I conducted a project in which I assessed the extent to which Mainers were compliant with the law. On five or six days when it rained, I parked on several different roads in Saco and Biddeford and among cars with Maine plates, when the wipers were engaged, I recorded whether the drivers had turned on their lights. I also noted the gender of the driver and whether the vehicle was foreign or domestic. I had no hypotheses. This is what is called exploratory research. I actually love exploratory research and this was some of the first that I conducted on my own.

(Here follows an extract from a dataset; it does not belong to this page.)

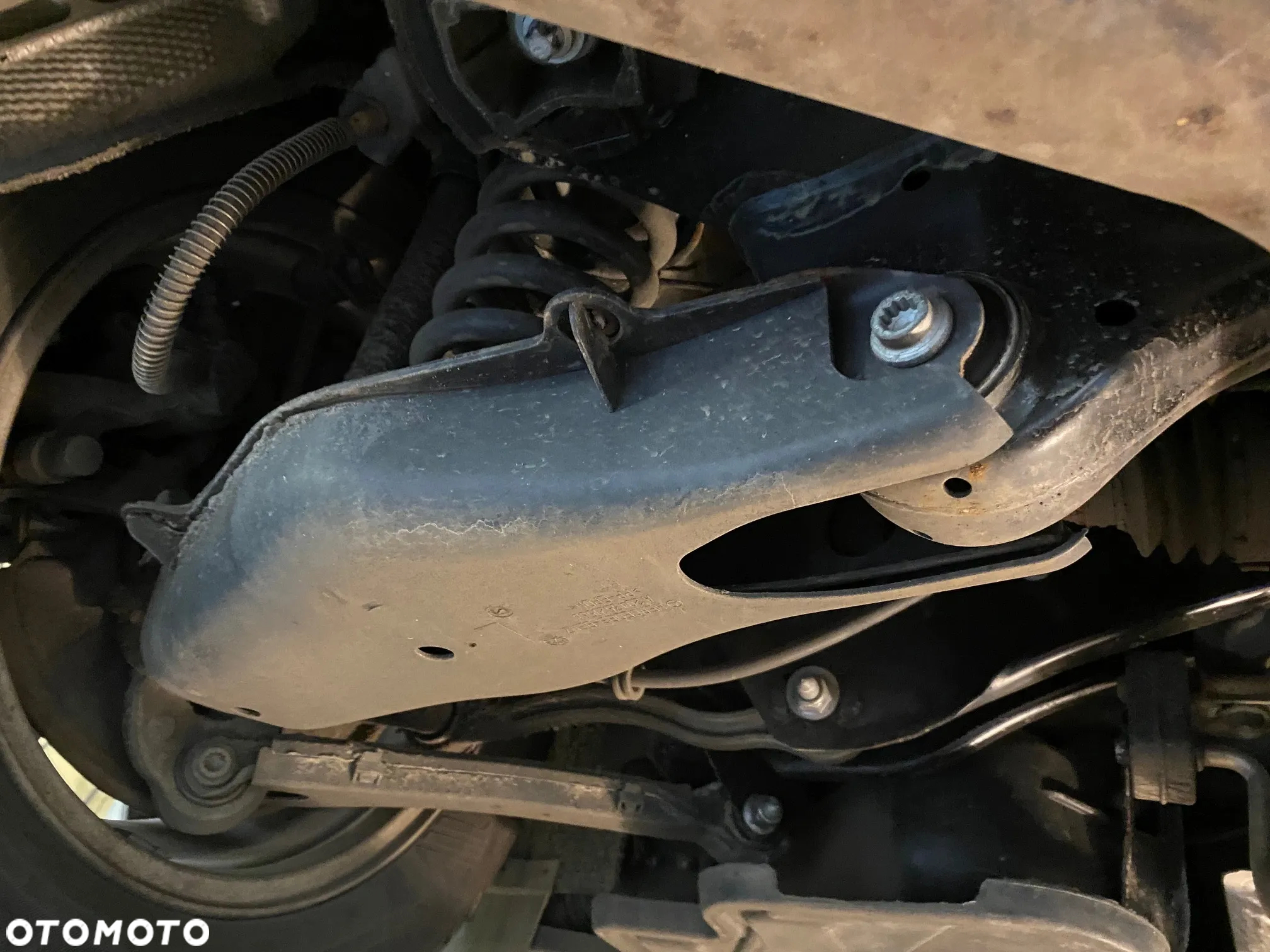 Mercedes-Benz Klasa C 220 T CDI DPF Automatik BlueEFFICIENCY Avantgarde - 16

This memory and reflecting on this new law, dovetails with another recent event: the death of Michael Stone. Michael was the professor who taught that research class. He was also the professor who taught the dissertation seminar the year that I took it - spring of 2000. He died in a drowning accident off the coast of Hawaii when he was traveling in March, just a few weeks ago.


Michael Stone

Michael Stone was a brilliant man, a Princeton University-educated astrophysicist, who, in the midst of writing his dissertation discovered social issues. After the completion of his degree, he turned his attention to housing policy and developed the concept of "shelter poverty" - a kind of housing costs-induced poverty. Michael was a precise man, thin, with graying hair and a beard; energetic, intense, and calculated in the classroom. His questions pushed students ahead, but also held them accountable for their work. He was a man with high expectations, but who was also generous with his time. I remember talking to Michael on the phone a number of times from our home in Saco, Maine - confused and lost, Michael gently and sometimes not so gently steering me back on the path from which I had veered. When I was hired by the Department of Human Services in Maine to direct my very first, totally independent study - on the topic concerning the retention of foster parents - I remember sitting in Michael's office and laying out my planned methods. He stopped me and said, "That's what you're going to do. But, what do you want to know? Good research is always question-driven, not data-driven." Indeed, these are words to live by for any decent researcher and I have repeated this to my own students time and time again.

My life was recently connected back to Michael, as he guided my sister, Jen, through her own dissertation. I was happy to see him, to remember him, and to watch him in action. Intense. Thoughtful. Exact - with laser-like precision.

It's hard to believe that a man like Michael was taken too early because of an accident. He had recently retired and I heard that he was going to return to the study of astrophysics.

Every time I'm on I-95 in my commute to and from work, I see the electronic signs about the new wipers and headlight law, and I think of Michael. Thanks, Michael, for always steering me back.